Transformer that outputs a collection of arcs in the dependency parses of each sentence of an utterance. The returned collection is a list where each element corresponds to a sentence in the utterance. Each sentence is represented in terms of its arcs, in a space-separated string.

Each arc, in turn, can be read as follows:

  • x_y means that x is the parent and y is the child token (e.g., agree_does = agree –> does)

  • x_* means that x is a token with at least one descendant, which we do not resolve (this is analogous to bigrams backing off to unigrams)

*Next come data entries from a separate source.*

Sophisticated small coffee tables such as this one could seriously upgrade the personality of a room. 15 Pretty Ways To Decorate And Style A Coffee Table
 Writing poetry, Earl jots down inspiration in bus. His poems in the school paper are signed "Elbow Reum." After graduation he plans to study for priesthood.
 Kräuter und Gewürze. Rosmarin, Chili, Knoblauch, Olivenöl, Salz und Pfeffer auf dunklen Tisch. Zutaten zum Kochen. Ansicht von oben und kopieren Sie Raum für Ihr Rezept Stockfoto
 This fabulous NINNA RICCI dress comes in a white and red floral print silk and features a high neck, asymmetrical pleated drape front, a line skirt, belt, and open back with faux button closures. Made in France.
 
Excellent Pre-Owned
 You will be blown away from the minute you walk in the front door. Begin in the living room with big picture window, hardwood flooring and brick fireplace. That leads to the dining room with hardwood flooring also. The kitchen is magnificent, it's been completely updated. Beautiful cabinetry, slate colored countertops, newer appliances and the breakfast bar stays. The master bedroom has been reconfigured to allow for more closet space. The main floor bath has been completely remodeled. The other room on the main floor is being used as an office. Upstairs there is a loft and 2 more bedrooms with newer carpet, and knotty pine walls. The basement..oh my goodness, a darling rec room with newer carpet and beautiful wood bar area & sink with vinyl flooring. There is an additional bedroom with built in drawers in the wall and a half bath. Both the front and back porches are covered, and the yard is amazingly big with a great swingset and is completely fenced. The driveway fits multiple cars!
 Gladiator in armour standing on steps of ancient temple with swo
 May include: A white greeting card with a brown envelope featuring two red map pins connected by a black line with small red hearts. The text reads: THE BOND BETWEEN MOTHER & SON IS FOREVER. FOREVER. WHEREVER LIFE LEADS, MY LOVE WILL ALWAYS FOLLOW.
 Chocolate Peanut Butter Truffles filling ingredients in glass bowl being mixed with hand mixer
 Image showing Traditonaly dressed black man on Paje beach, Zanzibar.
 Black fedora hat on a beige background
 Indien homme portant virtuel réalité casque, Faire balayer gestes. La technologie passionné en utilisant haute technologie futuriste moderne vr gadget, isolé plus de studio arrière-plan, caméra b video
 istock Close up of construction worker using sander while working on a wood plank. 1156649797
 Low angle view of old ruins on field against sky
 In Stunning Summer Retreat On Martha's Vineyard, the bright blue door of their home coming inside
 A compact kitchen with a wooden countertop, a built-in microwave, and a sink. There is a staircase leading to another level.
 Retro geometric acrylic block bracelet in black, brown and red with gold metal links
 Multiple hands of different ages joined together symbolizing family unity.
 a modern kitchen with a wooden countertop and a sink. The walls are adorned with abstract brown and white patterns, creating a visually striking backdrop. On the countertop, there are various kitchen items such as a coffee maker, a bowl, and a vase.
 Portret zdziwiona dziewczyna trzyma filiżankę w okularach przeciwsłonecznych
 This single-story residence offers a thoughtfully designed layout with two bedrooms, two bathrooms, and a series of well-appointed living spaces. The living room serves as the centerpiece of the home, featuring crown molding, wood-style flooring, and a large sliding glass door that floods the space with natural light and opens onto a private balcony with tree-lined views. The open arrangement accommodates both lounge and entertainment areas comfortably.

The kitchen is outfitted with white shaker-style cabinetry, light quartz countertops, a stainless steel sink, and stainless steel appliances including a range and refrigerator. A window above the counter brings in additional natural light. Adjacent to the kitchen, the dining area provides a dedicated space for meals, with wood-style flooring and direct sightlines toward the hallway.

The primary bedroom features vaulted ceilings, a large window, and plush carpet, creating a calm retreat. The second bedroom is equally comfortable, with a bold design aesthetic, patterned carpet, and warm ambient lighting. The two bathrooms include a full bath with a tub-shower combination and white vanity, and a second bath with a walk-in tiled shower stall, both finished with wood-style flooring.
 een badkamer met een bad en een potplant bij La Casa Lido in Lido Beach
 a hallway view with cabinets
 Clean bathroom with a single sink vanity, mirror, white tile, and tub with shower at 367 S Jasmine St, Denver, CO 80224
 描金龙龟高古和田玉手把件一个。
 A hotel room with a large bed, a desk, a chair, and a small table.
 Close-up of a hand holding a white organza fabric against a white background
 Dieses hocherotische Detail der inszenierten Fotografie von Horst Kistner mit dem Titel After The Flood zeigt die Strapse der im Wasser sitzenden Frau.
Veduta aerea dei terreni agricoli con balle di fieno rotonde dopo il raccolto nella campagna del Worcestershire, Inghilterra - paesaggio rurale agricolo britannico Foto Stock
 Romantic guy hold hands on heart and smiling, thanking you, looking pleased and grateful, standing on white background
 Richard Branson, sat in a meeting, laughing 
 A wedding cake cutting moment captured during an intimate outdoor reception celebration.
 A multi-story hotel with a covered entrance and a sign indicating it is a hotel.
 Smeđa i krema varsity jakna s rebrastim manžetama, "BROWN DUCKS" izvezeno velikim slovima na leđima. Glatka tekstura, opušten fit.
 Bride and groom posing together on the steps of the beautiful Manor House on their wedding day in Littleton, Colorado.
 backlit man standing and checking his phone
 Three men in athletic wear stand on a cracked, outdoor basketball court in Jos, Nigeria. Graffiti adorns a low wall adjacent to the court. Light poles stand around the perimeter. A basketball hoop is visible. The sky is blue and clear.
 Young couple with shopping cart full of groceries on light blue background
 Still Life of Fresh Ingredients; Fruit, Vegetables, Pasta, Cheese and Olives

  • x>y means that x and y are the first two tokens in the sentence

  • x>* means that x is the first token in the sentence.

Parameters
  • output_field – name of attribute to write arcs to.

  • input_field – name of field to use as input. defaults to ‘parsed’, which stores dependency parses as returned by the TextParser transformer; otherwise expects similarly-formatted input.

  • use_start – whether to also return the first and first two tokens of the sentence. defaults to True.

  • root_only – whether to return only the arcs from the root of the dependency parse. defaults to False.

  • follow_deps – if root_only is set to True, will nonetheless examine subtrees coming out of a dependency listed in follow_deps; by default will follow ‘conj’ dependencies (hence examining the parts of a sentence following conjunctions like “and”).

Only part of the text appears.